BEGIN Available data

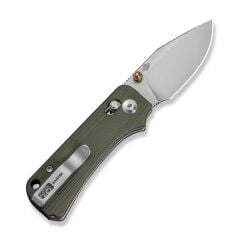 Civivi Baby Banter 2-TG Thumb Stud & Crossbar Lock Knife Green & Red G10 Handle Çakı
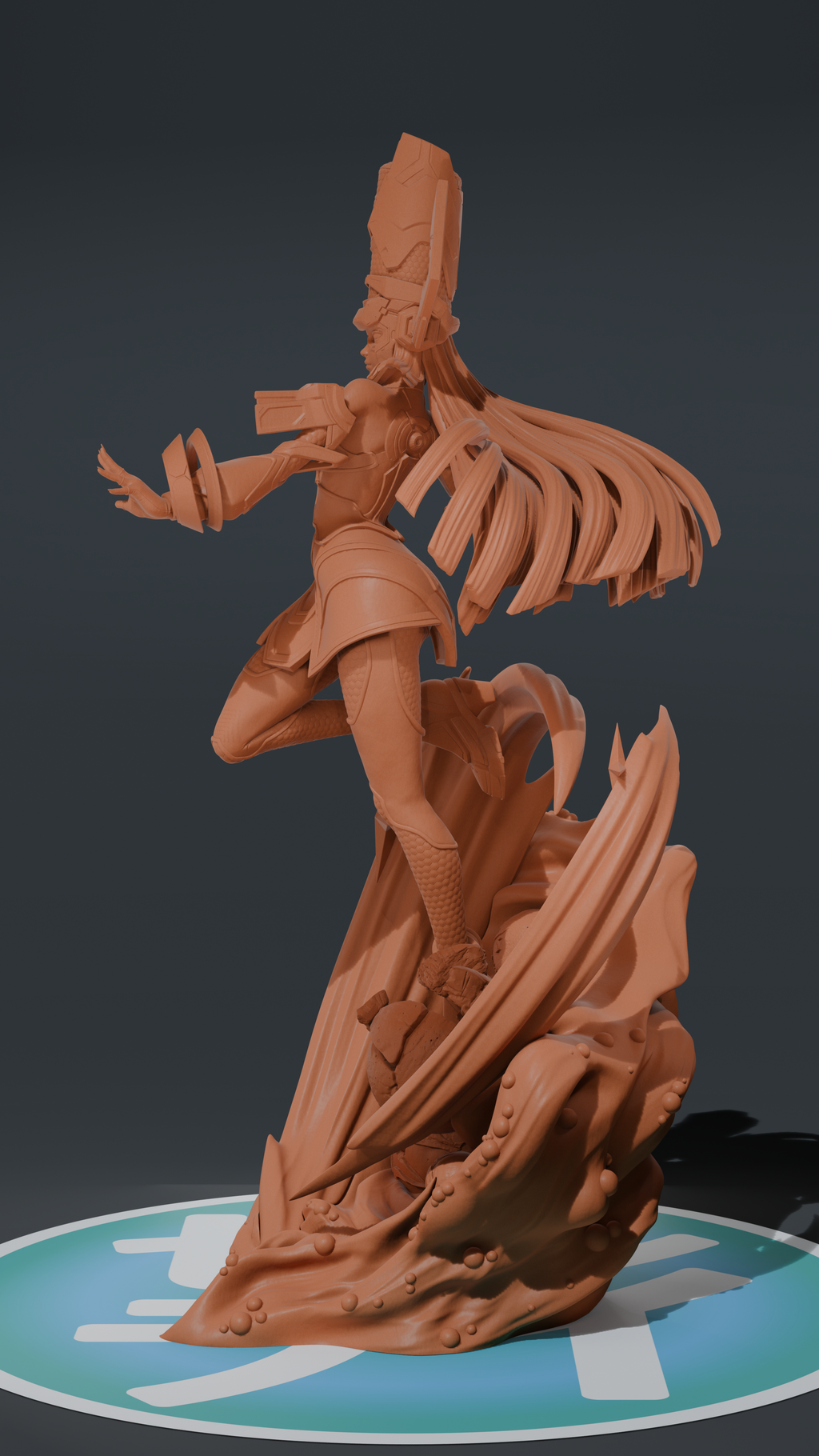 Galacta - Marvel Rivals | Custom Statue 3D printed figure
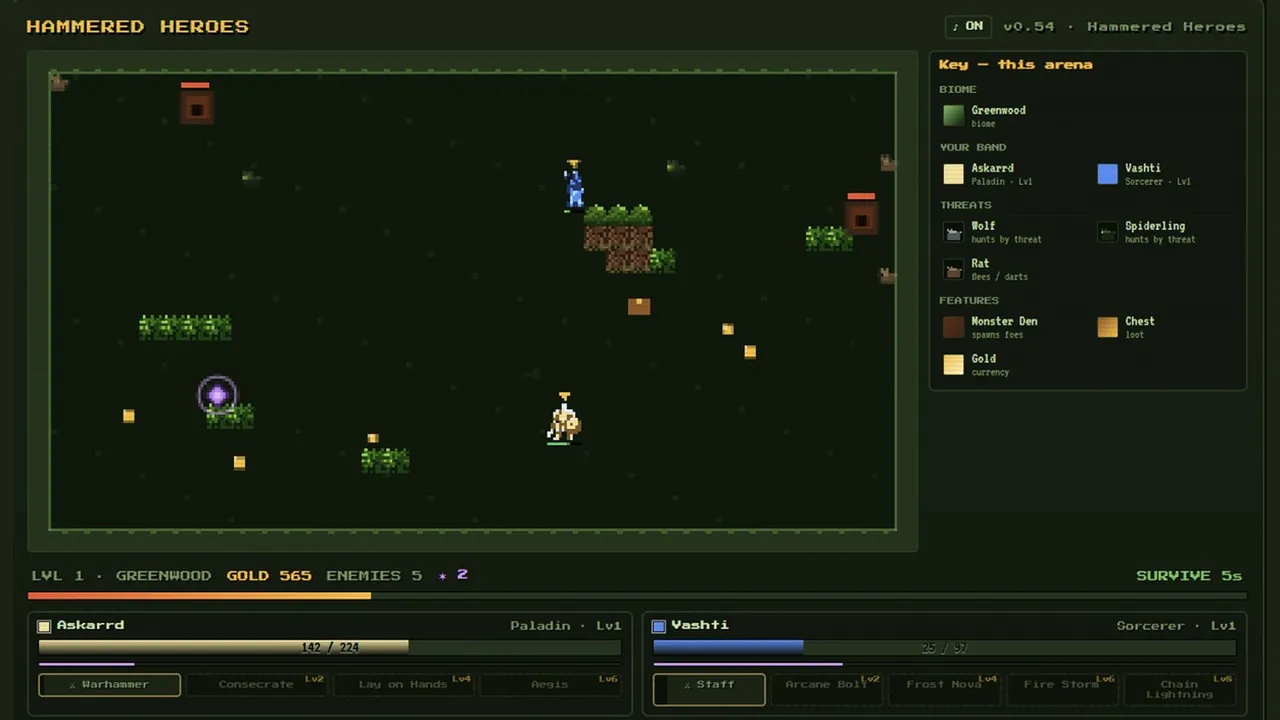 Hammered Heroes Screenshot 0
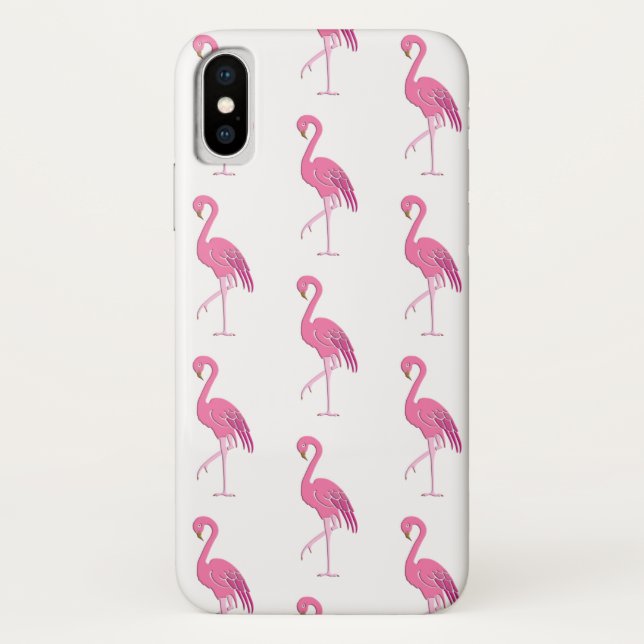 Hübsch-rosa Flamingo Fall-Mate iPhone Fall Case-Mate iPhone Hülle (Rückseite)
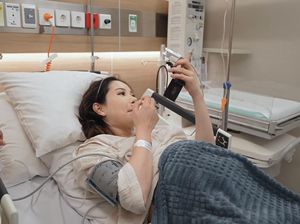 Momen Centil Alyssa Daguise di Tengah Lahiran, Santai Makeup saat Pembukaan 5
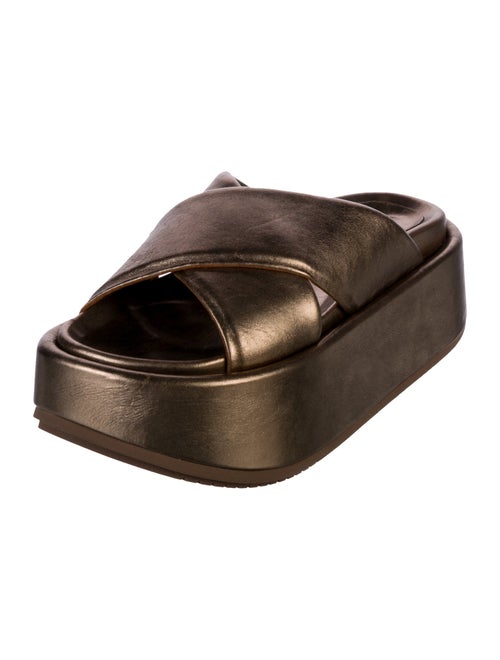 Paloma Barceló Leather Slides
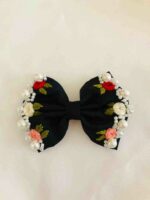 Embroidered Pearl Bow - Image 2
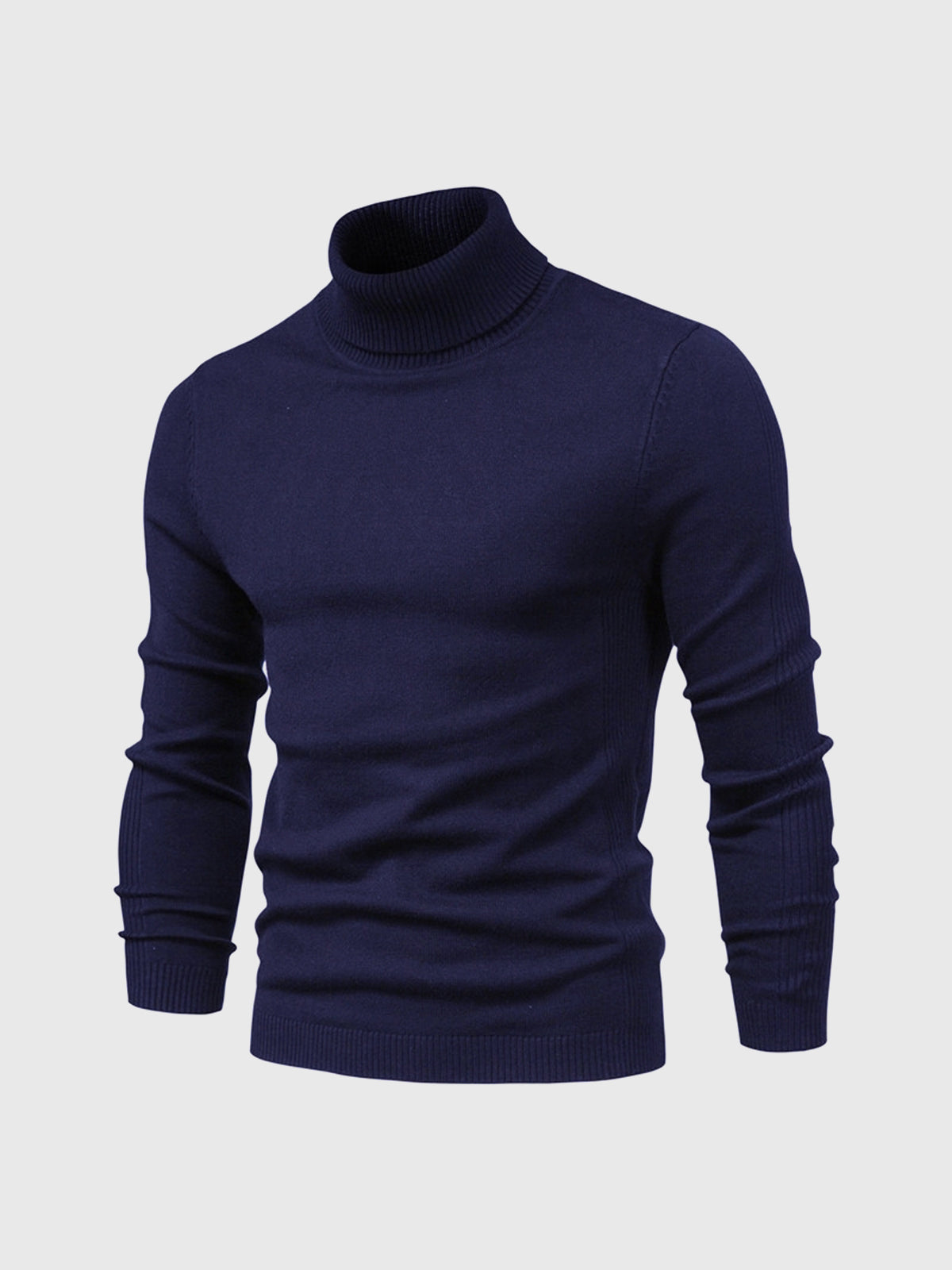 Pull col roulé homme en coton doux et intemporel, lavable en machine 20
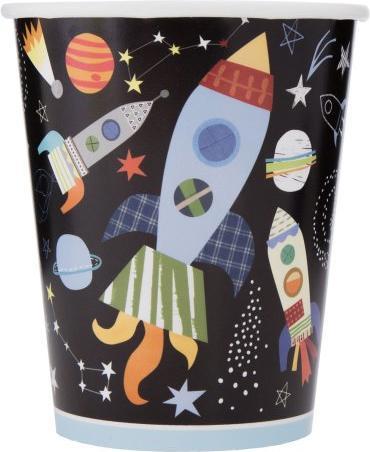 Produktbild Unique Party Becher Rakete im Weltall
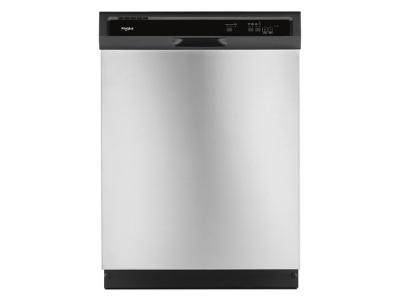 Whirlpool Heavy-Duty Dishwasher With 1-Hour Wash Cycle In Stainless Steel - WDF331PAHS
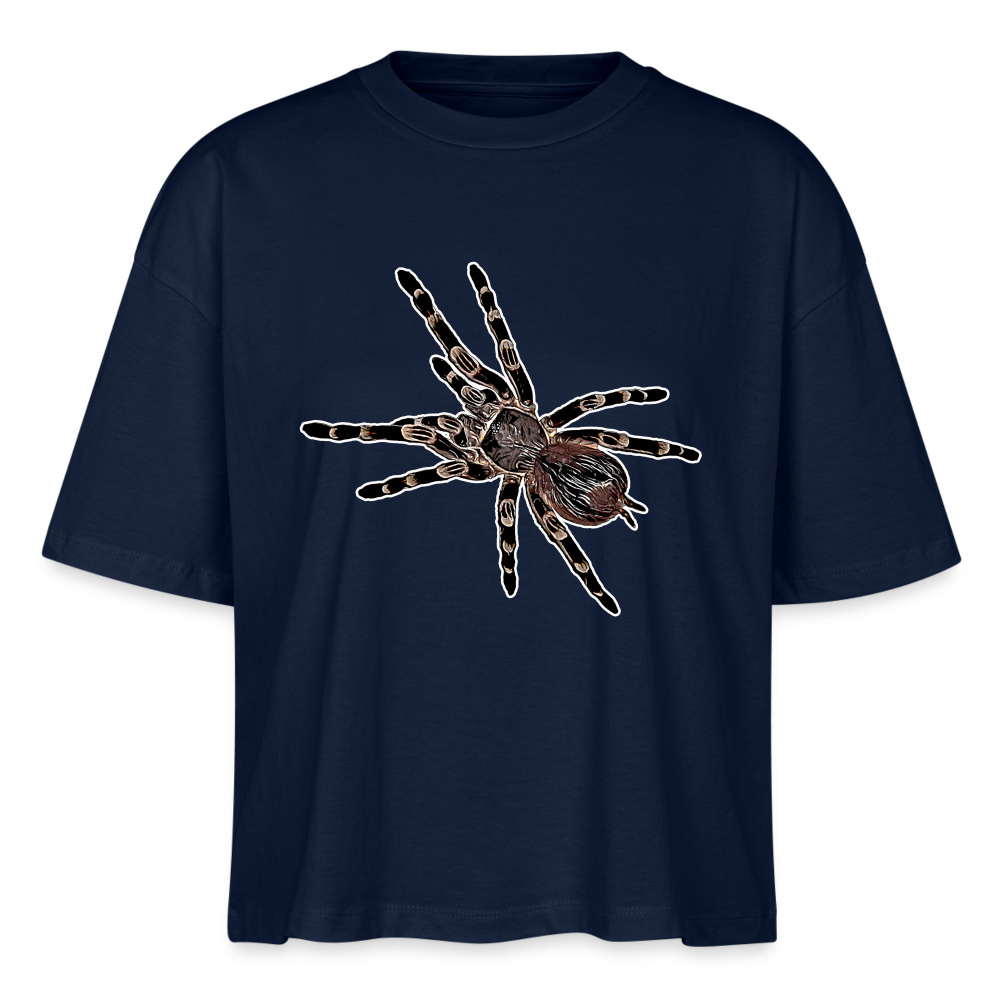 Frauen Stanley & Stella Boxy Bio-T-Shirt Acanthoscurria geniculata - Navy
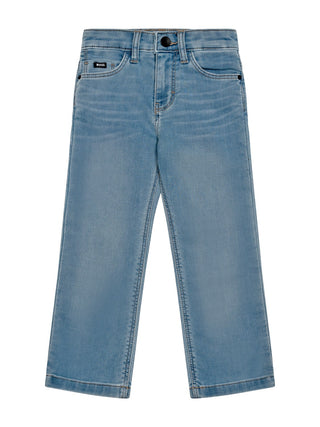 Jeans mit geradem Bein - Blau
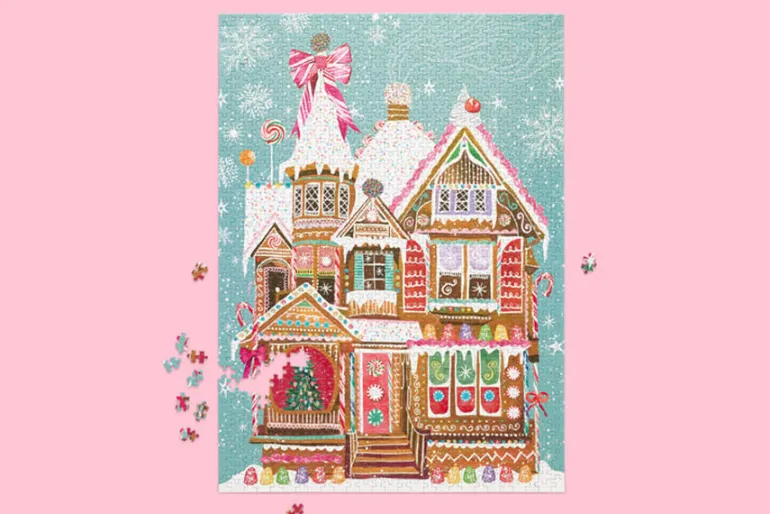 WerkShoppe Nutcracker Gold Foil 1000-Piece Puzzle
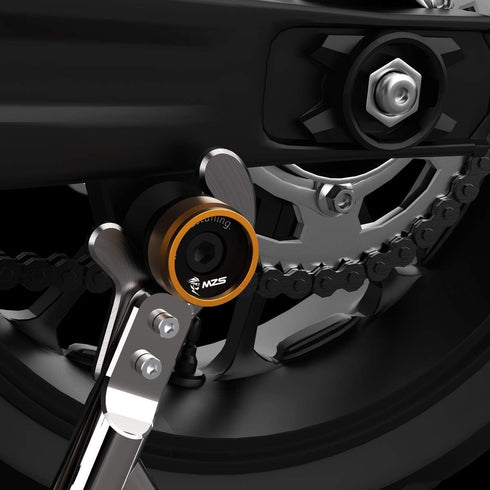 MZS 6MM Swingarm Spools, Sliders Stand CNC Universal M6 Black Compatible with YZF R7 R1 R3 R6 R6S YZF600R FZ1 FZ6 FZ6R FZ8 FJ09 FZ09 FZ10 MT09 MT1...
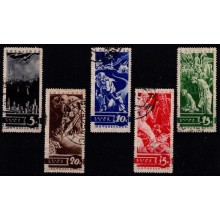 1935 - Sovjetunionen - AFA 501-05 - Frimærke - Stemplet.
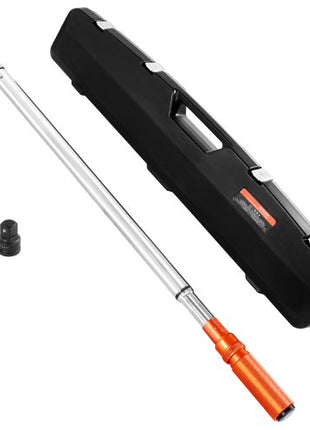 Click Torque Wrench, 3/4 Inch Drive, 100-600 lbf-ft / 136-814N.m, Dual-direction Torque Wrench Set with Dual Range Scales, 48-tooth, ±3% High Precision, Alloy Steel, for Automobile Repair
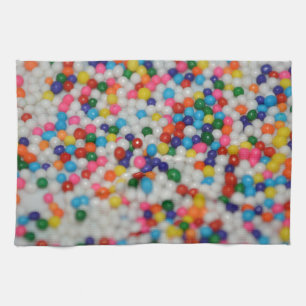 Sweets Dessert Rainbow Pattern Cake Cupcake Art Towel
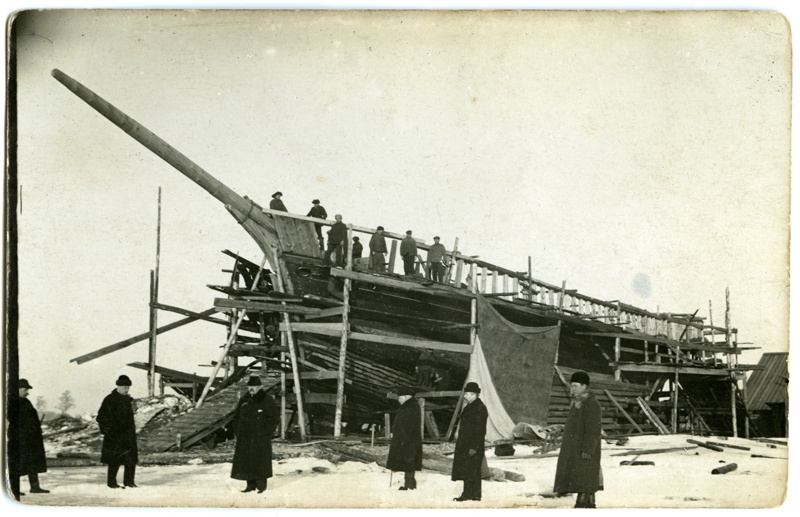 The construction of the sailing ship "Priius" for Häädemen
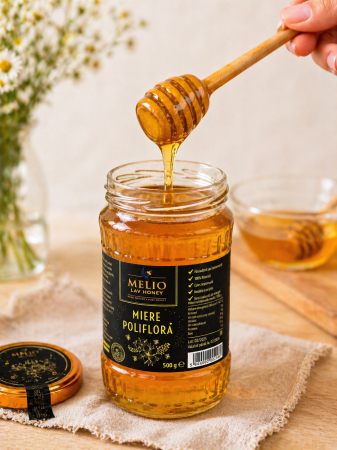 Miere poliflora 500g naturala Melio Lav Honey [1]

END Available data

Give the entries above again word for word, without the pictures.

 Civivi Baby Banter 2-TG Thumb Stud & Crossbar Lock Knife Green & Red G10 Handle Çakı
 Galacta - Marvel Rivals | Custom Statue 3D printed figure
 Hammered Heroes Screenshot 0
 Hübsch-rosa Flamingo Fall-Mate iPhone Fall Case-Mate iPhone Hülle (Rückseite)
 Momen Centil Alyssa Daguise di Tengah Lahiran, Santai Makeup saat Pembukaan 5
 Paloma Barceló Leather Slides
 Embroidered Pearl Bow - Image 2
 Pull col roulé homme en coton doux et intemporel, lavable en machine 20
 Produktbild Unique Party Becher Rakete im Weltall
 Whirlpool Heavy-Duty Dishwasher With 1-Hour Wash Cycle In Stainless Steel - WDF331PAHS
 Frauen Stanley & Stella Boxy Bio-T-Shirt Acanthoscurria geniculata - Navy
 Jeans mit geradem Bein - Blau
 WerkShoppe Nutcracker Gold Foil 1000-Piece Puzzle
 MZS 6MM Swingarm Spools, Sliders Stand CNC Universal M6 Black Compatible with YZF R7 R1 R3 R6 R6S YZF600R FZ1 FZ6 FZ6R FZ8 FJ09 FZ09 FZ10 MT09 MT1...
 1935 - Sovjetunionen - AFA 501-05 - Frimærke - Stemplet.
 Click Torque Wrench, 3/4 Inch Drive, 100-600 lbf-ft / 136-814N.m, Dual-direction Torque Wrench Set with Dual Range Scales, 48-tooth, ±3% High Precision, Alloy Steel, for Automobile Repair
 Sweets Dessert Rainbow Pattern Cake Cupcake Art Towel
 The construction of the sailing ship "Priius" for Häädemen
 Miere poliflora 500g naturala Melio Lav Honey [1]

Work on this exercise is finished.